Die Grenzkaserne ist verfallen. Wo einst der verminte Todesstreifen die Flucht in den Westen vereiteln sollte, wuchern Unkraut und Weizen. Radfahrer und Fußgänger sind die Einzigen, die den Übergang zwischen Jánossomorja und Andau benutzen dürfen. Daher ist der Grenzraum zu einem großen Parkplatz geworden. Auf der ungarischen Seite stehen teure Westwagen, auf der österreichischen Trabis und Ladas. Es sind die Zweitwagen der Ungarn, die im Burgenland arbeiten. „Einen Zweitwagen brauchen wir, denn mit dem Auto dürfen wir nur während der Kirmes die Grenze überqueren“, sagt Zoltan Fettik. Der 48-Jährige war als Lehrling drei Jahre auf einer Werft in Rostock. Als 1989 der Eiserne Vorhang demontiert wurde, hatte er einen enormen Startvorteil. Schon nach wenigen Monaten wurde er von einem expandierenden Landmaschinenwerk in Niederösterreich angeheuert.

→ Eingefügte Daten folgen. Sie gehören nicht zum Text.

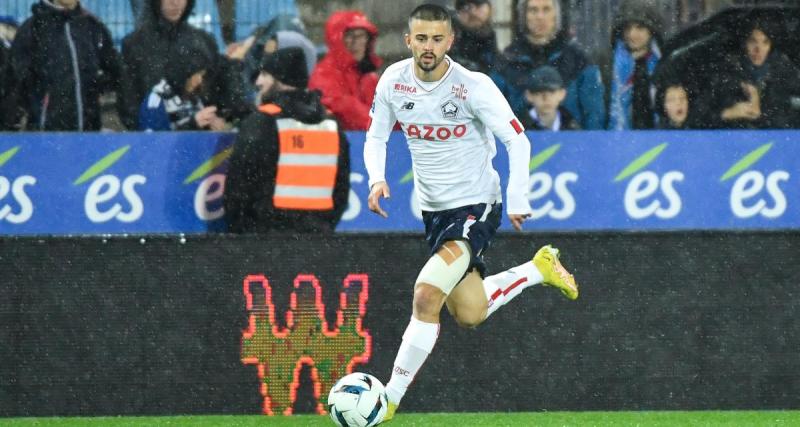  - Lille : plusieurs joueurs poussés vers la sortie cet hiver ?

Jánossomorja, eine Gemeinde von 6.200 Einwohnern, entstand während der realsozialistischen Zeit durch die Zusammenlegung von drei Dörfern. Mosonszentpéter und Mosonszentjános waren deutsch besiedelt und hießen früher St. Peter und St. Johann, Pusztasomorja war ungarisch. Aus diesen Namen hat man den neuen zusammengemixt. Die Deutschen wurden nach 1946 „umgesiedelt“. Vor allem nach Baden-Württemberg und Bayern, denn die meisten waren Schwaben, deren Ahnen nach der Entvölkerung des Landstrichs durch die Türkenkriege hier sesshaft geworden waren.

Probleme mit Reparationsansprüchen der Deutschen gebe es nicht, versichert Bürgermeister Károly Kurunczi, ein Tierarzt, der schon die zweite Amtsperiode absolviert. In einer zwischenstaatlichen Regelung gleich nach der Wende wurden die enteigneten Familien pauschal abgefunden. Doch im Sommer, „da kommen ganze Busladungen aus Stuttgart“, weiß Zoltan Fettik. Viele stehen dann vor ihrem ehemaligen Haus und werden sentimental.

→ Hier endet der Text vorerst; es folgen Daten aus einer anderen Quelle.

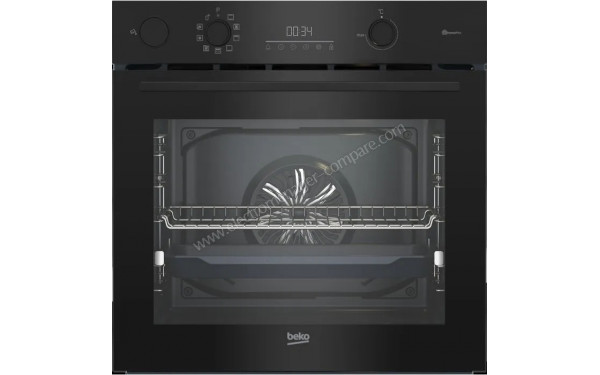 BEKO BBIS17301BMPC - Vue de face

Seit der Öffnung hat sich viel getan in Jánossomorja. Rund sechs Prozent des zur Gemeinde gehörigen Ackerlandes sind von burgenländischen Bauern aufgekauft worden, von denen einige so nahe wohnen, dass sie mit dem Mähdrescher von den Äckern auf der österreichischen Seite über die Grenze fahren können. Bürgermeister Kurunczi schätzt sogar, dass inzwischen ein Fünftel der Nutzfläche von Fremden kontrolliert wird. Autos mit Wiener Kennzeichen vor manchem Häuschen zeigen, dass Westungarn wieder zum erweiterten Naherholungsgebiet der Hauptstädter gehört. In weniger als zwei Stunden können sie hier sein.

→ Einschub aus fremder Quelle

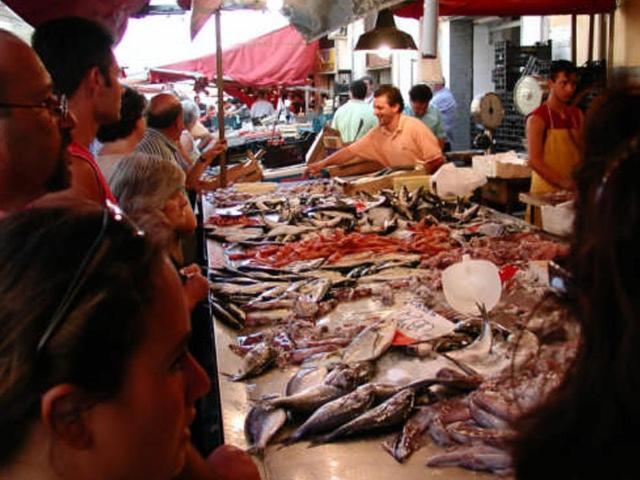 La Medusa D'Ortigia سيراكوزا المظهر الخارجي الصورة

Aber nicht jeder Neubau gehört Ausländern. Zoltan Fettik ist einer von vielen Ungarn, die ihre Ersparnisse in ein Eigenheim gesteckt haben. Wer in Schilling verdient und in Forint zahlt, genießt einen beneidenswerten Lebensstandard. Zoltan nahm vor 20 Jahren einen Kredit von 220.000 Forint auf, als der Schilling noch 1:2 gewechselt wurde. Inzwischen steht der Kurs bei 1:17. Die letzten Raten waren so gut wie geschenkt.

Westungarn ist der dynamischste Wirtschaftsraum des Landes. Gleich nach der Grenze weisen riesige Schilder auf das „Shopping Center“ von Hégyeshalom hin. Bei der Autobahnabfahrt Györ steht ein klotziger Metro-Markt. Daneben hat sich Baumax ausgebreitet, und die britische Tesco Corporation stellt einen Hypermarkt, ein gigantisches Einkaufsparadies, auf die Wiese. Die Ungarn kaufen ganz selbstverständlich bei Billa, Spar oder Plus Markt.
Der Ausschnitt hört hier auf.